Work task | Take the lines from the one with "John Lewis Natasha" through the end of the material below and repeat them exactly, dropping every picture.

Records for this task |
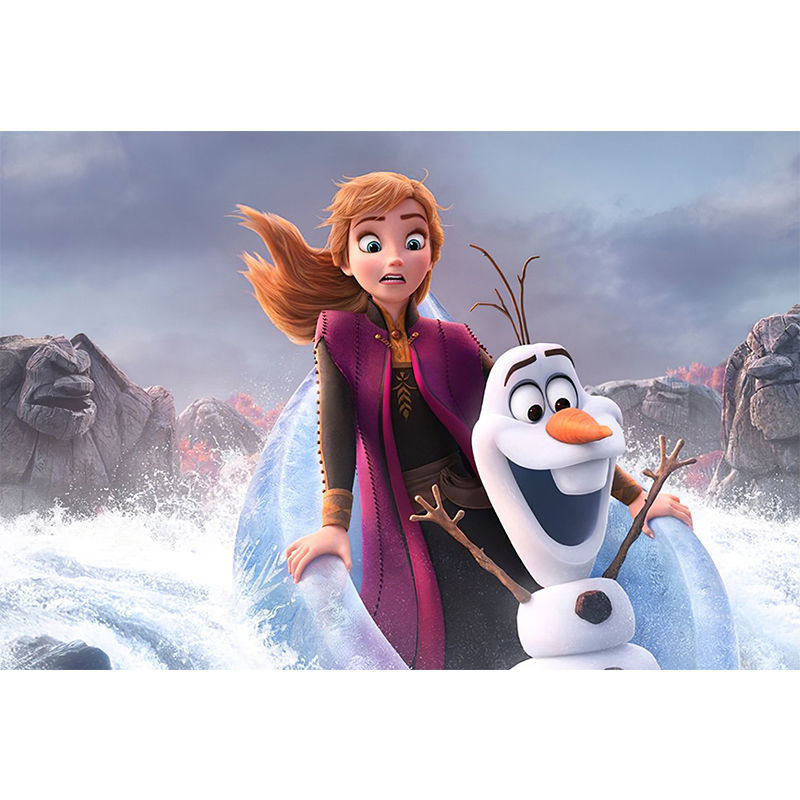 迪士尼(disney)冰雪奇缘木质盒装拼图1000动漫成人定制礼物儿童玩具小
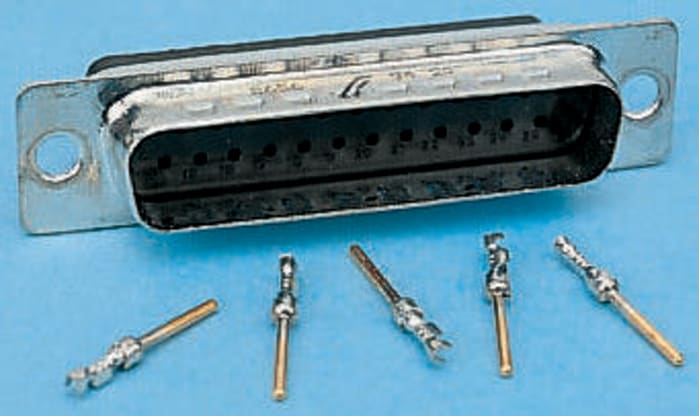 Harting Straight Crimp D-sub Connector, Plug, 25 Pin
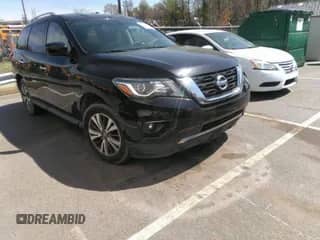 2017 Nissan Pathfinder S with VIN 5N1DR2MM1HC683719, listed as a IAAI auction lot 41944598 with 89,235 mi miles and . Bid and sale history available at DreamBid. Image 1.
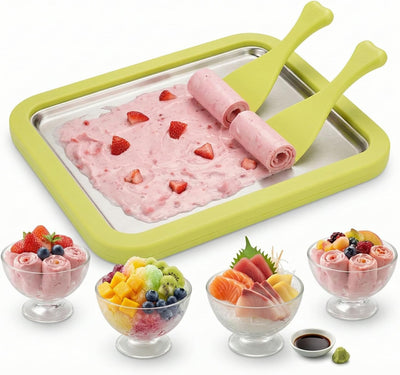 Kit máquina de helado laminado placa fría acero inoxidable 304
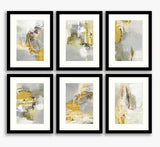 John Lewis Natasha Barnes 'Ochre Dreams' Framed Prints 43 x 33cm Set of 6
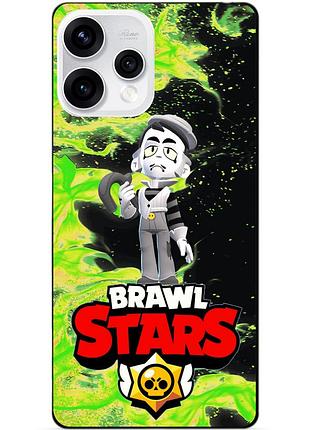 Силіконовий бампер чохол для oppo reno 15 з героєм бравл грей brawl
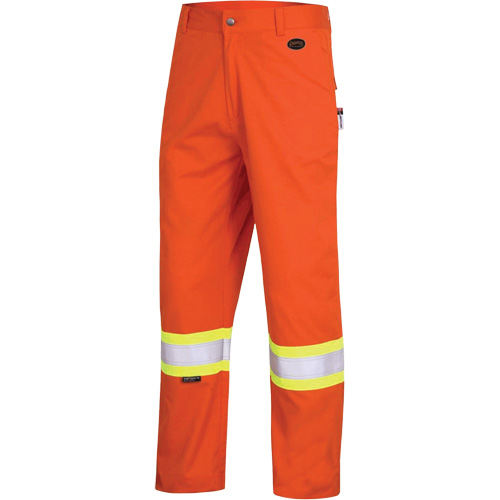 7763 Pantalon de s&eacute;curit&eacute; haute visibilit&eacute; r&eacute;sistant aux arcs &eacute;lectriques FR-Tech 88/12, 38, x 32, Orange haute visibilit&eacute;, 9,7 cal/cm² Nassau Supply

Exercise response |
 John Lewis Natasha Barnes 'Ochre Dreams' Framed Prints 43 x 33cm Set of 6
 Силіконовий бампер чохол для oppo reno 15 з героєм бравл грей brawl
 7763 Pantalon de s&eacute;curit&eacute; haute visibilit&eacute; r&eacute;sistant aux arcs &eacute;lectriques FR-Tech 88/12, 38, x 32, Orange haute visibilit&eacute;, 9,7 cal/cm² Nassau Supply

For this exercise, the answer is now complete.